Start of Records provided

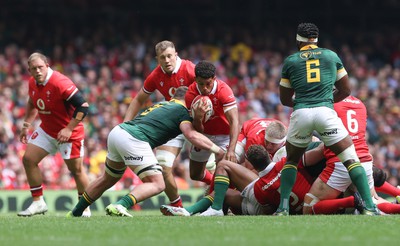 190823 - Wales v South Africa, Summer Nations Series 2023 - Rio Dyer of Wales is tackled by Jasper Wiese of South Africa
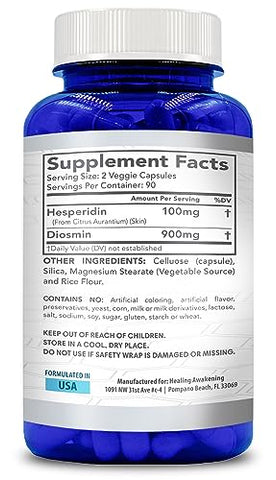 Healing Awakening - Hesperidina Plus 1000mg por Porção (180 Cápsulas Vegetarianas) – Aumente sua Saúde com Hesperidina!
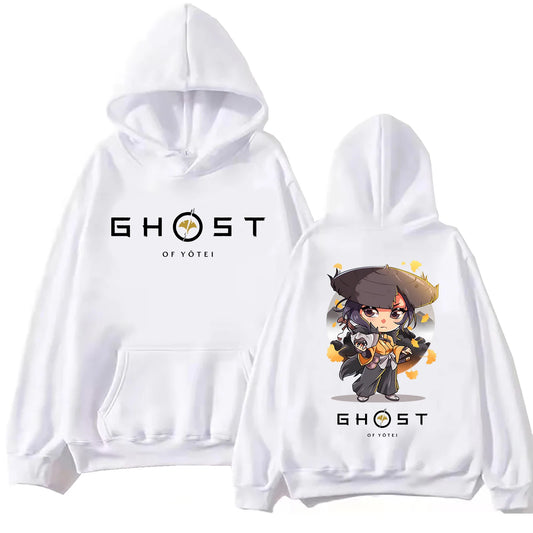 Ghost Of Yotei Kawaii White Hoodie
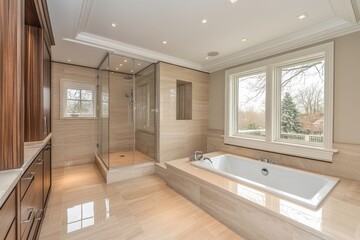 Fototapeta premium Elegant modern bathroom featuring a glass shower and soaking tub with natural light from large windows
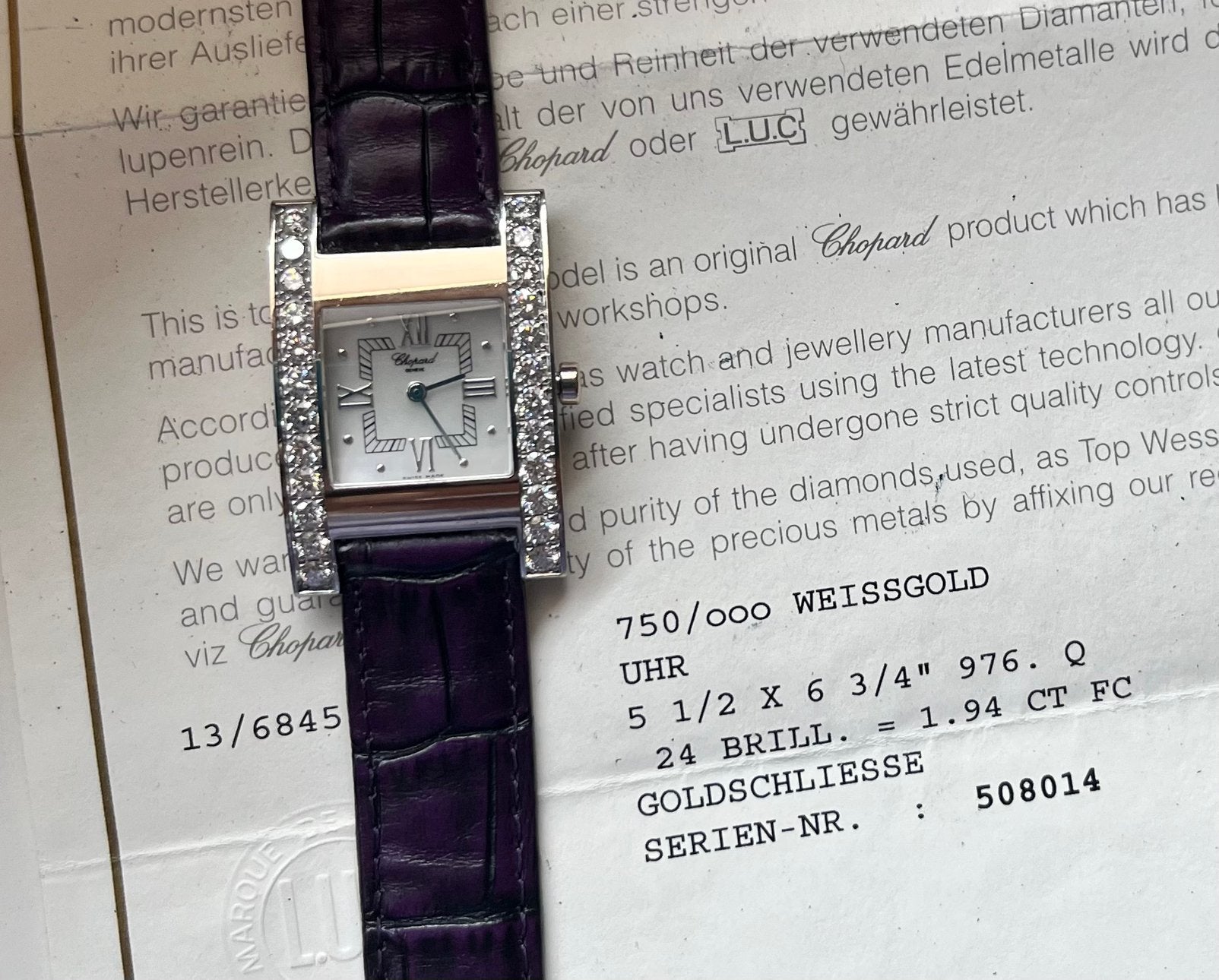 Chopard Your Hour 13/6845 Witgoud horloge met diamanten, Ophalen, Zo goed als nieuw, Overige merken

End of Records provided

§ **Exercise details**: Set down exactly the lines above, from the line containing "Healing Awakening - Hesperidina" through the line containing "Fototapeta premium Elegant". Skip the pictures.

§ **Response**:
 Healing Awakening - Hesperidina Plus 1000mg por Porção (180 Cápsulas Vegetarianas) – Aumente sua Saúde com Hesperidina!
 Ghost Of Yotei Kawaii White Hoodie
 Fototapeta premium Elegant modern bathroom featuring a glass shower and soaking tub with natural light from large windows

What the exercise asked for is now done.